Fig 2.19. Experimental
semi-variogram constructed on the lode widths in the cassiterite
vein.
As an example of other types of spatially
distributed data which might be considered, Fig 2.20 shows an experimental
semi-variogram which was produced during a study of the rainfall
characteristics and runoff in a catchment area in the
Pennines in England.

Fig
2.20. Experimental semi-variogram constructed on the measured rainfall at
rain gauge sites.
The data observations are the recorded
monthly rainfall figures at rain gauges scattered over the catchment
area. The semi-variogram has been constructed without regard to the direction
of the
pair of samples. That is, the author has assumed that his variable shows the
same continuity down the long axis (direction of flow of the major river) as it
does across the valley. The erroneous nature of this assumption is immediately
apparent when given the information that the catchment
area measures about 30km across the valley (short axis). The marked
discontinuity in the experimental curve suggests that there is a definite
difference between the two major directions. Semi-variograms ought to be
constructed for at least two different directions to check for this. The second
conclusion which can be drawn from this experimental semi-variogram is that if
the same shape is shown by the new individual strong trend is in evidence which
must be taken into consideration. When considering the nature of rainfall it
does seem sensible to expect different amounts of rain to fall on the tops of
mountains than lower down in the valleys. This is a good example of when the
‘trend’ cannot be ignored in the geostatistical estimation procedure.

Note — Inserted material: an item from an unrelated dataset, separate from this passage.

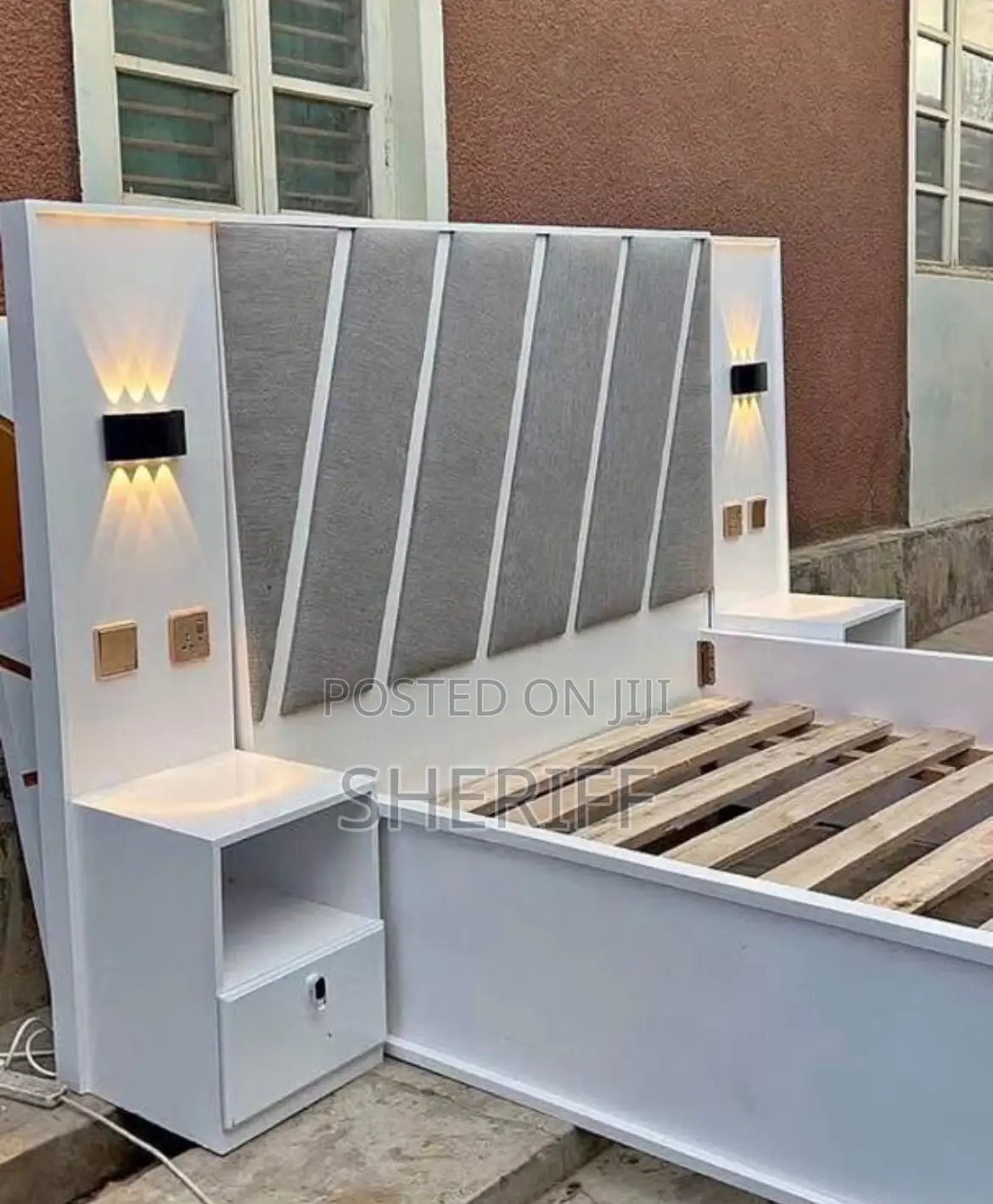 4 and Half Bed Frame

And now for a completely different type of
application we can take a time series example, rather than one which is
spatially distributed. A series of readings have been taken at the same site in
a large river, of various different variables of interest. This is a
‘one-dimensional’ situation, in which the dimension is time rather than space.

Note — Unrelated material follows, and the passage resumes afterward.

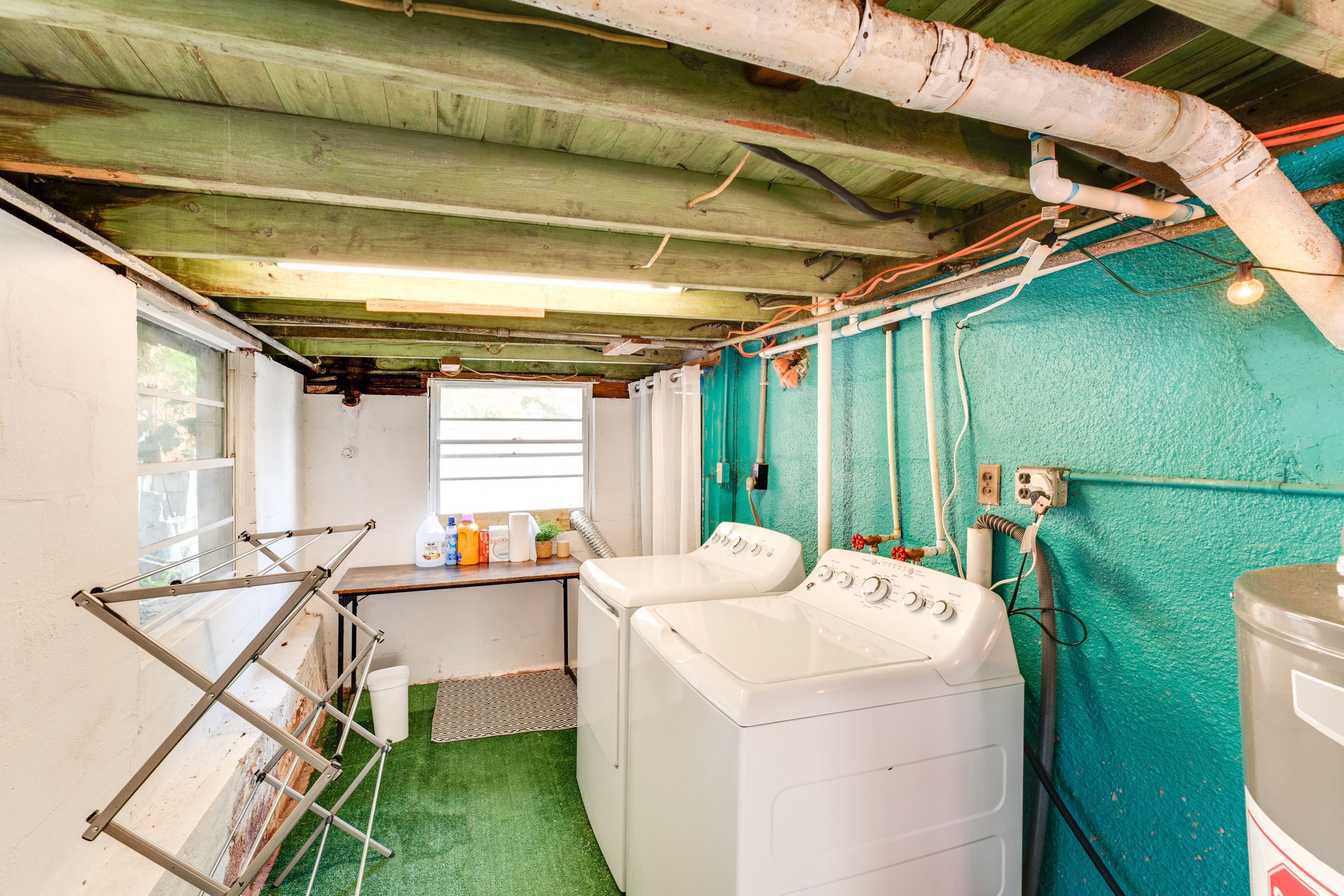 Shared Laundry Room | Washer & Dryer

Instead of distance between samples, we now have time between samples, so that
the horizontal axis of the experimental semi-variogram will now read ‘time
between observations’. The estimation procedure will be used to predict values
of these variables forward into the future, or to fill in gaps in the records
caused by machine failure. Figure 2.21 shows two experimental semi-variograms
calculated in one case for the temperature of the water, and in the other for
the amount of suspended solids contained in the water. The latter looks like an
ideal case for a spherical type of model, with a suggestion of a ‘trend’ at the
weekly scale i.e., fairly homogeneous within any specified week, but varying in
level from week to week. The experimental semi-variogram for the temperature
shows a perfect daily cycle in temperature, with a little drift coming in after
3 or 4 days.

Fig 2.21. Experimental
semi-variograms calculated on water quality variables measured over time.
CONCLUSION
To summarise this chapter, we have seen how to
calculate an experimental semi-variogram in one and two dimensions, and how to
relate this ‘practical’ semi-variogram to the ‘ideal’ models which exist. We
have seen that, whilst some deposits may follow fairly simple behaviour, many
others require a fairly complex mixture of models to describe the experimental
semi-variogram. I have briefly pointed out some problem areas such as strong
trends, random phenomena and proportional effect, and tried to indicate how
these might be tackled. There are those in authority who say that the fitting
of a semi-variogram model is out-moded and
unnecessary. To counter this I should like to give an analogy with ordinary
statistics. If you take a limited number of samples from an exceedingly large
population and construct a histogram, are you prepared to assume that that sample histogram describes exactly the
behaviour of the whole population? The process of inference -- drawing
conclusions about the population from a few samples -- demands the construction
of some sort of model for the behaviour of the whole deposit.